I also told you how two major makers of ad-blocking add-ons were now going to allow some ads that they deemed acceptable to get through.

adblock-acceptable-ads

But that raises a larger question. Is it ethical to block ads on advertiser-supported sites or in ad-supported apps? I’m not talking about unsolicited spam jamming your inbox or telemarketers calling your house. After all, the telemarketers aren’t subsidizing your phone bill.

But if you take a free ad-supported app as opposed to buying a paid version, you’re agreeing to view the advertising in exchange for free use of the app. Is skipping those ads a violation of the agreement? Are you cheating the developer out of income he or she deserves?

The vast majority of web-sites are supported by advertising. If you have those ads covered up, are you not paying up what you promised the site by logging on? For example, take a look at the Food Network site. When I log on, I see a banner ad at the top, plus another ad to the right.

ads-on-food-network

There are also links to external sites and to purchase products sold by the chefs featured on the site.

ads-external-sites

Now let’s check out another food site, Cook’s Country. There are no external ads. The only thing close to an ad here is the opportunity to upgrade my membership to site.

ads-cooks-country

But this nearly ad-free experience costs me $40 a year. If you don’t have a membership, you can’t get past the home page or read any of the articles.

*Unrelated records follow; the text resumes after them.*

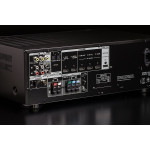 Denon AVR x550BT 5.2 Channel 130W Dolby Ture HD and DTS HD, 4K Ultra HD passthrough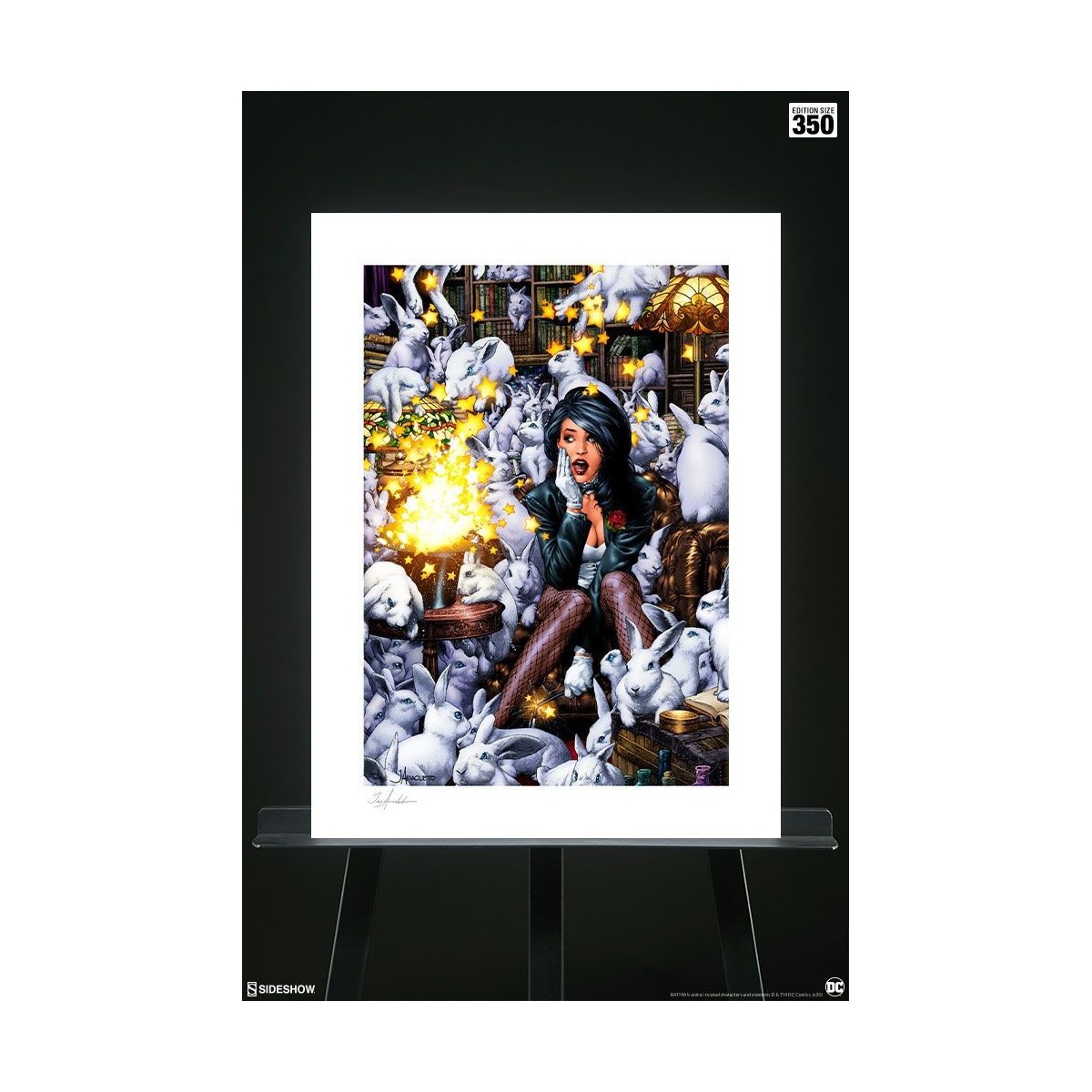 DC Direct Kingdom Come Statue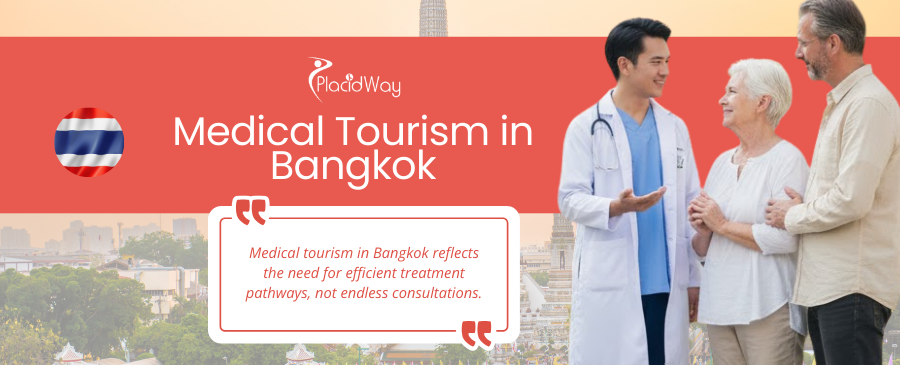 Medical Tourism in Bangkok: From Aesthetic Procedures to Complex Treatments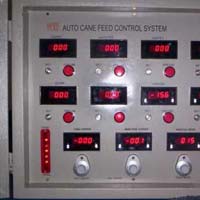 Auto Cane Feed Control System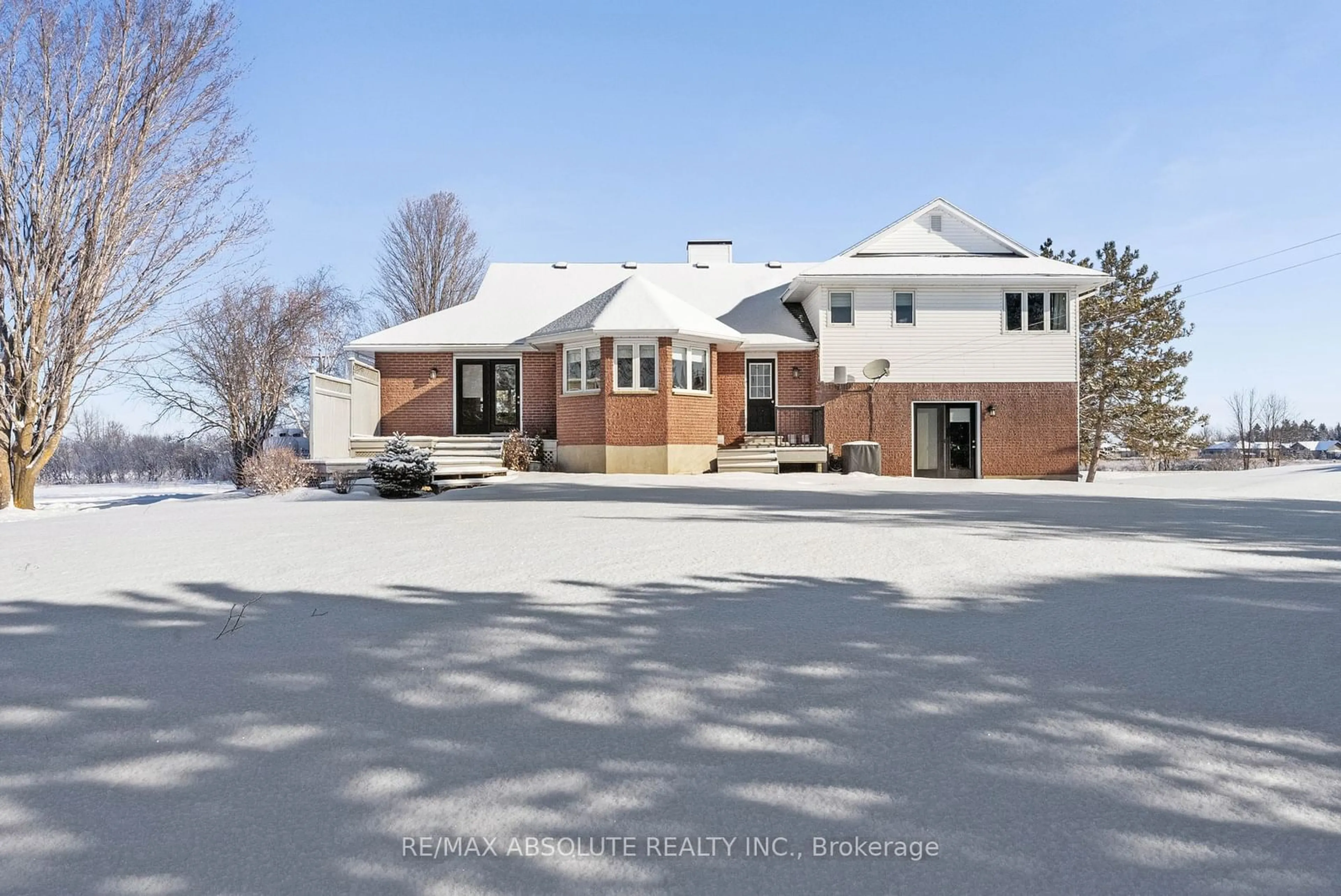 Home with brick exterior material, street for 151 Duncan Dr, McNab/Braeside Ontario K7S 0E1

Food Network accepts my viewing of their ads and links as payment. (And also the ads I view on the television when I watch their programs).  Is hiding those ads cheating Food Network? How many of you would be willing to pay for website subscriptions if it meant no ads? How much would you pay?

You may have noticed that when you watch ad-sponsored programs on-demand or on-line that you can’t skip over the ads. If you try to skip ahead, many of them will just play the ads back to back. Dish Network has been sued for a commercial-skipping feature in its DVRs.

netflixcrop

Most television programming is subsidized by ads, if you don’t watch the ads, are you breaking an agreement with the program providers? And if you would prefer ad-free content, how much are you willing to pay for it?

Netflix recently announced it was raising its rates in order to fund more ad-free original programming.  They know what networks have known for a long time, content isn’t cheap and you have to be willing to pay to create it. That money has to come from somewhere.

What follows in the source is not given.